[Date Prev][Date Next][Thread Prev][Thread Next][Date Index][Thread Index]
Re: [HTCondor-users] Error from SCHEDD on Windows 10
- Date: Mon, 29 Jul 2019 16:33:56 -0700
- From: Andrew Cunningham <condor@xxxxxxxxxxxxxxxx>
- Subject: Re: [HTCondor-users] Error from SCHEDD on Windows 10
Just a to follow-up on that, if I have USE POLICY : DESKTOP in the
condor_config, is the simplest way to cause all jobs that would have
been suspended to go straight to vacate/kill would be to put
WANT_SUSPEND=FALSE in the condor_config.local file?
On Mon, Jul 29, 2019 at 4:16 PM Andrew Cunningham
> Hi John,
> Sadly, I restarted condor on the machine in question so I can't go
> back and check the state of the process. But it was 'running' and
> using 0% CPU, so for appeared to be in the suspended state.

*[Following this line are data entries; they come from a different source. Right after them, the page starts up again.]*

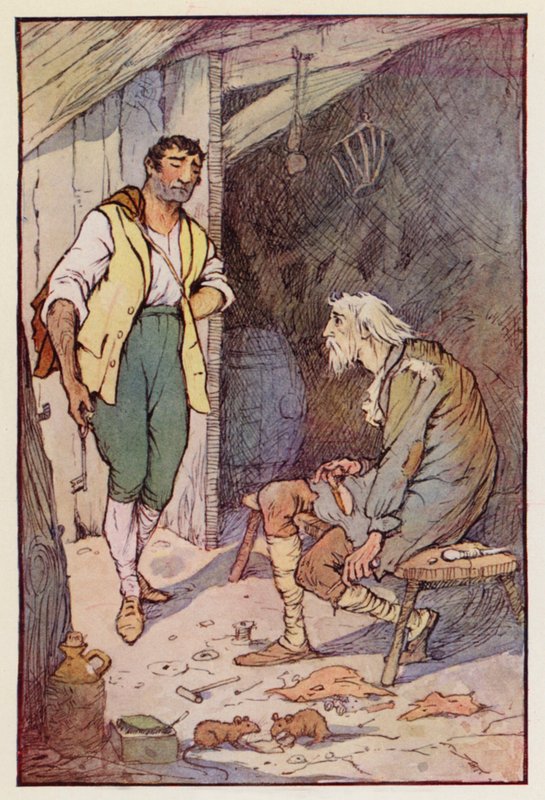 Illustration til En fortælling om to byer af Charles Dickens (farvelitografi) af F. M. B. Blaikie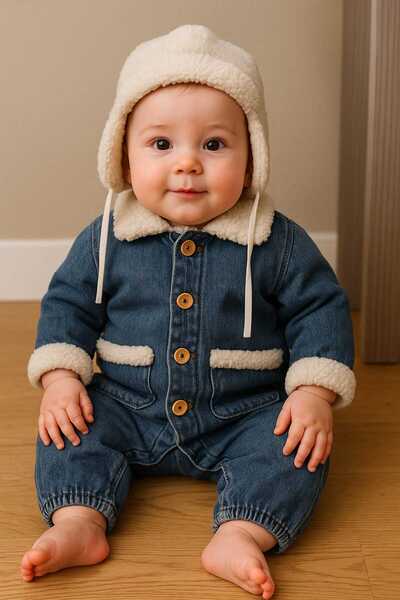 Midani Store Hat Baby Winter Furry Jeans Denim Jumpsuit with Hat Model Comfor...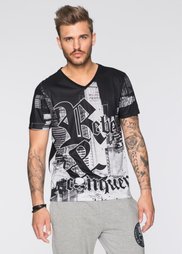 Футболка Slim Fit (белый с рисунком) Bonprix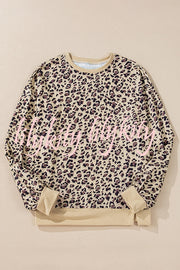 Leopard Print Crew Neck Patchwork Long sleeve Casual Loose Sweatshirt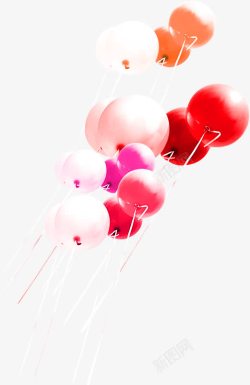 长线红色粉色气球素材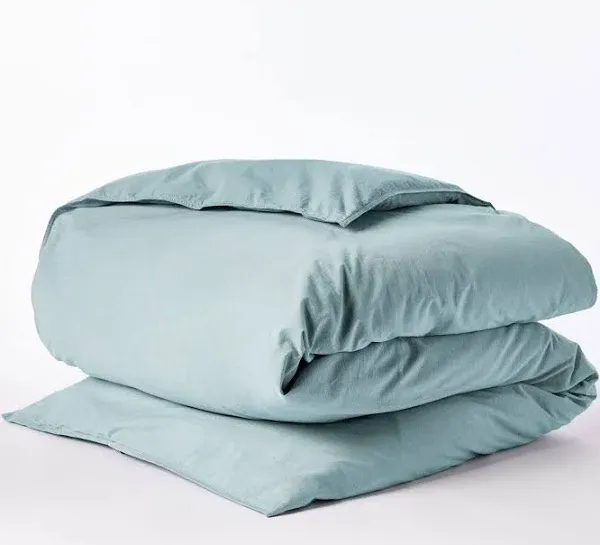 Coyuchi Organic Crinkled Percale Duvet Cover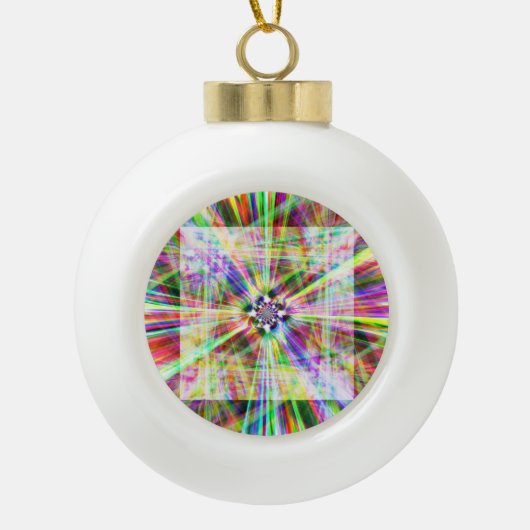 Iridescente Chrome Elf Keramische Bal Ornament (Voorkant)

> It's not a problem for me if the jobs just gets killed/evicted and
> rescheduled. I have been using the
> USE POLICY : DESKTOP
> which obviously is not implementing that "POLICY" you are suggesting.
> On Mon, Jul 29, 2019 at 2:49 PM John M Knoeller <johnkn@xxxxxxxxxxx> wrote:
> > Is the child process actually in stuck in suspended state? The sysinternals process explorer can show you if it is
> > We mostly discourage the use of SUSPEND in HTCondor these days because if the process does get around
> > to vacating, that generates a bunch of new activity and that tends to annoy users. It's better to just kill the
> > job right away when we detect user activity. Would that work for you?
> > -tj
> > -----Original Message-----
> > From: Andrew Cunningham <condor@xxxxxxxxxxxxxxxx>
> > Sent: Monday, July 29, 2019 4:38 PM
> > To: John M Knoeller <johnkn@xxxxxxxxxxx>
> > Cc: Condor-Users Mail List <condor-users@xxxxxxxxxxx>
> > Subject: Re: [HTCondor-users] Error from SCHEDD on Windows 10
> > Hi John,
> > Thanks for the input. I have a fast disk and nothing much was
> > happening on the machine at the time.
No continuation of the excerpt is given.